E’ capace di avventurarsi in nuovi territori dello stesso piacere, senza troppe angosce, ma anzi col gusto dell’esplorazione e della sperimentazione, se non della vera e propria trasgressione.

E’ capace di sfidare perfino le convenzioni sociali, i tabù consolidati nel pensiero comune, quando si rende conto, diventa consapevole che il piacere desiderato non fa danni a nessuno, anzi procura maggiore benessere a se stesso e a colui/colei/coloro con cui esso viene condiviso.

Chi vive il piacere in questo modo ha un buon rapporto con il suo inconscio e , quindi, con le sue pulsioni libidiche.
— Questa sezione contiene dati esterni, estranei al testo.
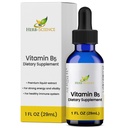 Flytende vitamin B5 – 36 serveringer – høy absorpsjon Pantotensyre for energi, Mood & Nerve støtte – vegansk ikke-GMO alkoholfri – bedre enn kapsler eller piller – 1 Fl Oz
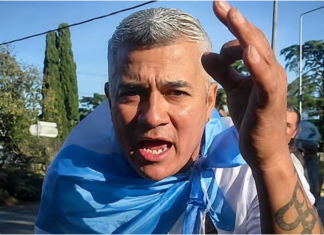 Exigen justicia por Franco Depauli en Cañuelas: vecinos marchan tras el crimen en los festejos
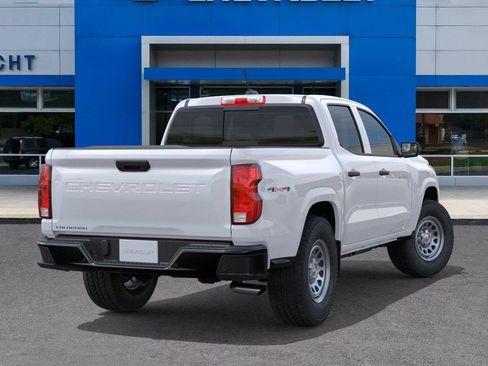New 2026 Chevrolet Colorado W/T AWD/4WD image 4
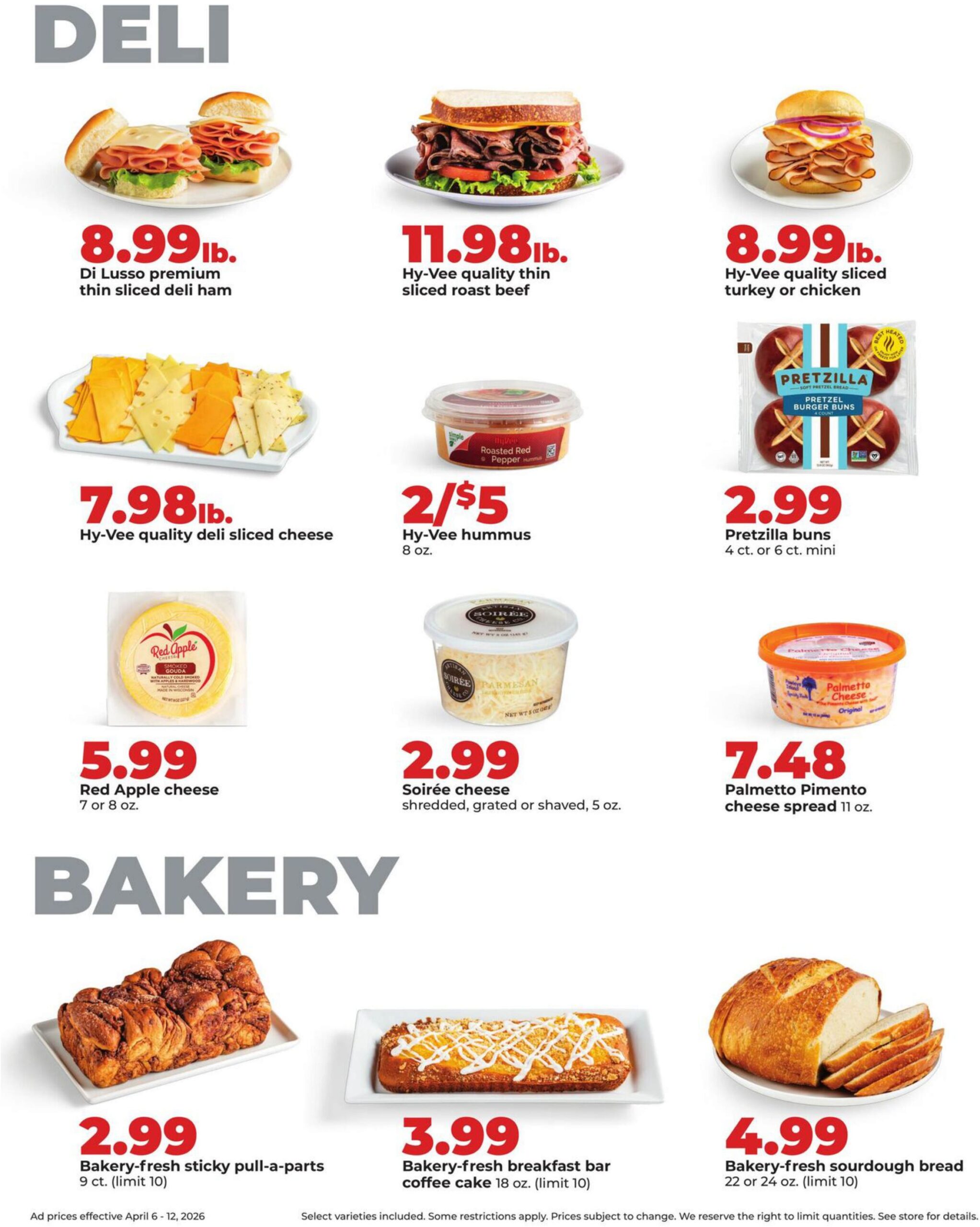 Hyvee Weekly Ad Page 21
Ha ridotto al minimo l’influenza del Super Ego e tiene conto, nel porre limite ai suoi desideri, solo del principio (ovviamente fondamentale) della realtà.

Soffre di rado di sbalzi di umore. Vive una situazione stabilizzata e placida di benessere psicofisico, che ogni tanto viene piacevolmente “turbata” da picchi di godimento, ma non sprofonda mai (o quasi mai) negli abissi del dispiacere e della malinconia. Non sa manco cosa sia la depressione.

Tende a frequentare persone che come lui/lei sono altrettanto gaudenti, nel senso che vivono un rapporto positivo col piacere. E ad evitare, al contrario, le persone che hanno un rapporto complicato col piacere. A maggior ragione si tiene lontano da quelle che propendono verso il masochismo.